地位が人を創る、の見本。

昨年の箱根駅伝で、青山学院大学の快走劇を見て、「深緑の革命」と驚嘆したのはわずか1年前のこと*1

5区・神野選手の力走や、憎たらしいくらいの復路の安定感など、インパクトに残るエピソードを残したのは確かだが、当時はまだ「伏兵が引き起こしたサプライズ」という雰囲気が強かった。

それが、今年は3大駅伝全てで主役に挙げられ、出雲駅伝では優勝、全日本大学駅伝でも2位とその名に恥じない結果を残す。
さらに、今日の箱根では1区・久保田選手から一色選手、秋山選手、田村選手、そして山登り5区の神野選手まで、トップの座を全く譲らない、という堂々たる結果で2年連続の往路優勝を果たした。

元々、昨年の時点で、2年生、3年生が多いチームだ、ということは言われていたし、各選手の持ちタイムを見ても、10000m28分台の選手をこれだけずらっと並べられているチームは他にないから*2、順当な結果であることは間違いないのだが、これまで、駒澤、東洋、早稲田、といった伝統校の中で争われていた駅伝の世界に、突如として現れたこの深緑のチームが、威風堂々と先頭を風切って走っているのを見ると、未だに不思議な気持ちになる。

おそらく、スカウティングやトレーニングの成果もあって、ここ数年は、「優勝候補」に挙げられても不思議ではないくらいのポテンシャルを備えるチームになっていたのだろう*3

それが、昨年の箱根駅伝完全優勝で一つの頂点を極め、唯一欠けていた「実績」を手に入れたことで、一段上のステージに進んだ・・・

気温が上がり、決して走りやすいコンディションとは言えない中でも、去年以上に危なげない走りをしている青学の選手と、後方から追い上げきれずにもがいているこれまでの伝統校の選手たちを見比べていると、「地位が人を創る」という言葉の重みと、「一度生まれたブレイクスルーをひっくり返すのは難しいものだな」ということを、しみじみと感じてしまうのである(復路が終わった時に、また違う感想を抱くことになるのかもしれないけれど・・・)。
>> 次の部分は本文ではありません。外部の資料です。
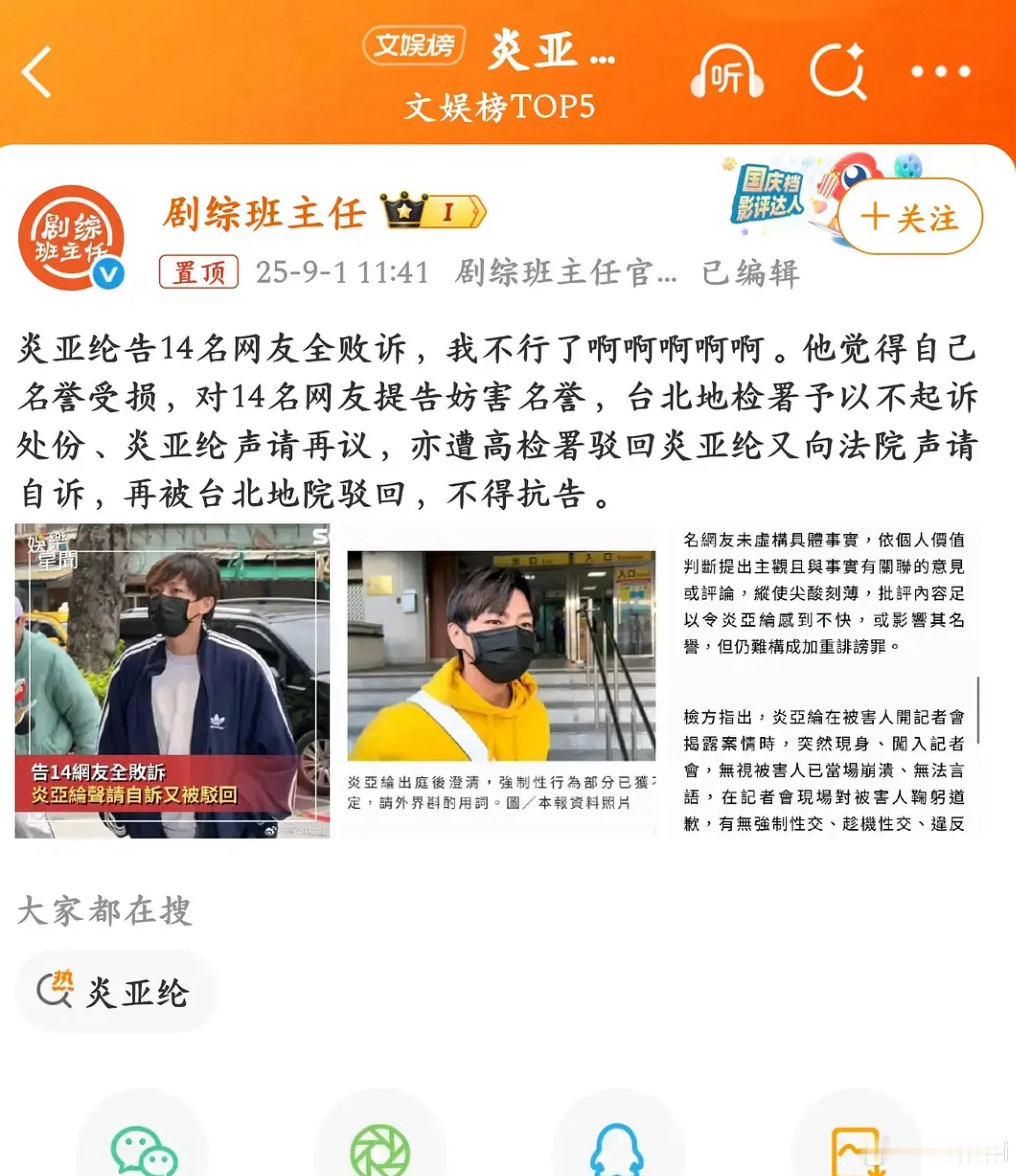 我也觉得这样才正常，明星如果真塌了说你两句哪怕尖酸刻薄也应是合理评判哈，没有名誉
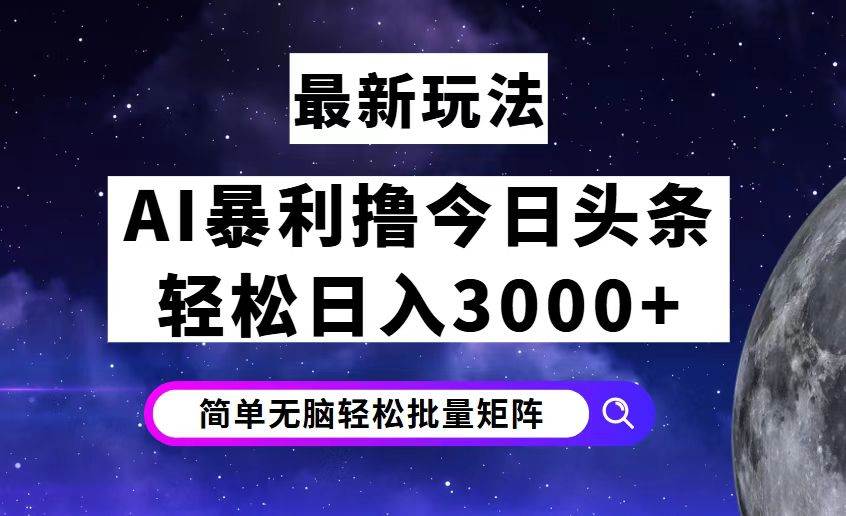 今日头条7.0最新暴利玩法揭秘，轻松日入3000+-三柒社区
*1:http://d.hatena.ne.jp/FJneo1994/20150103/1420387058

*2:往路は全員28分台、復路のラインナップを見ても、記録がない6区の1年生(小野田選手)を除いて3人が28分台だし、さらに補欠登録されている選手に28分30秒台の選手が3人もいる(おそらくメンバー変更でどこかに突っ込んでくるはず)。

*3:青山学院大学は、2010年に8位に入って以降、優勝する前年の2014年まで。堅実に10位以内をキープする戦いを続けていて、“新興勢力”としては珍しい安定感を見せていた。